Ordered that the appeal from the order is dismissed on the ground that the right of direct appeal therefrom terminated with the entry of judgment (see Matter of Aho, 39 NY2d 241, 248 [1976]); and it is further, ordered that the judgment is affirmed, without costs.
By a certain document entitled Housing Assistance Payments (HAP) contract dated December 1, 1988, the New York City Department of Housing Preservation and Development, acting as a public housing authority (PHA), agreed to make rent subsidy payments to Cosmopolitan Associates (the owner) on behalf of the family of Antonio Margarin “in accordance with this contract.” The contract included provisions for the modification of the amount paid, and also for the termination of the contract. Those provisions required written notice to the owner of those changes, with those changes not having effect until that notice was given.
The sole remaining member of the family in residency, Mrs. Aurie Margarin (the tenant), entered a nursing home on February 15, 2008, without notifying the owner or the PHA. During the subsequent months, the PHA continued to pay the owner the contracted rent subsidy. When, in July 2008, the owner became aware that someone other than the tenant was occupying the apartment, it served a notice to cure and thereafter served a notice of termination. When the tenant failed to surrender the premises, eviction proceedings were instituted. The owner notified the PHA of the commencement of the legal proceedings against the tenant.

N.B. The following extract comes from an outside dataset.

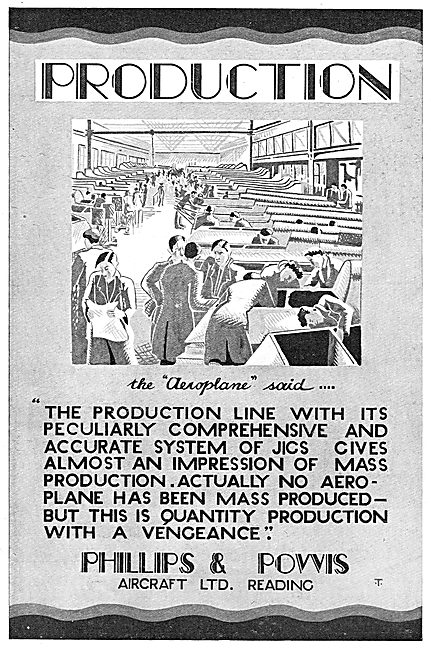 Phillips & Powis Aircraft Production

Upon receipt of notification from the owner, the PHA conducted a review of the tenant’s circumstances and, in December 2008, issued a decision terminating the tenant from the HAP subsidy program. The termination was made retroactive to February 29, 2008. The PHA then unilaterally recouped from the owner the sum of $5,444.90, representing what it deemed to be erroneous payments that had been made to the
*33 owner after the tenant had vacated the leased premises. In response, the owner commenced this plenary action against the PHA to recover the principal sum of $6,130.95, which represented the amount recouped plus the rent subsidy for December 2008.The owner thereafter moved for summary judgment, alleging that the PHA had failed to serve the owner with a notice of termination as required by paragraph 3 (E) of the HAP contract. Paragraph 3 (E) reads in part: “The PHA shall notify the Owner in writing of its decision to terminate housing assistance payments . . . and that housing assistance payments pursuant to the Contract shall terminate at the end of the calendar month which follows the calendar month in which the PHA gives notice to the Owner.”
The PHA cross-moved for summary judgment, alleging that notice to the owner was unnecessary when the tenant “moved” from the premises. The PHA maintained that, pursuant to the contract, the owner was only entitled to the payment of a subsidy for the last month in which the tenant was in occupancy. Paragraph 7 (A) (1) of the HAP contract reads:
“If the Family moves from the Contract unit in violation of the Lease, the owner shall receive the housing assistance payment due under the Contract for so much of the month in which the Family moves from the unit as the unit remains vacant. If the unit continues to remain vacant, the owner shall receive from the PHA a housing assistance payment in the amount of 80 percent of the Contract rent for a vacancy period not exceeding one additional month.”
The Civil Court granted the owner’s motion for summary judgment and denied the PHA’s cross motion for summary judgment dismissing the complaint, finding that the PHA could not terminate payments until it had provided the owner with written notice of the termination of subsidy payments.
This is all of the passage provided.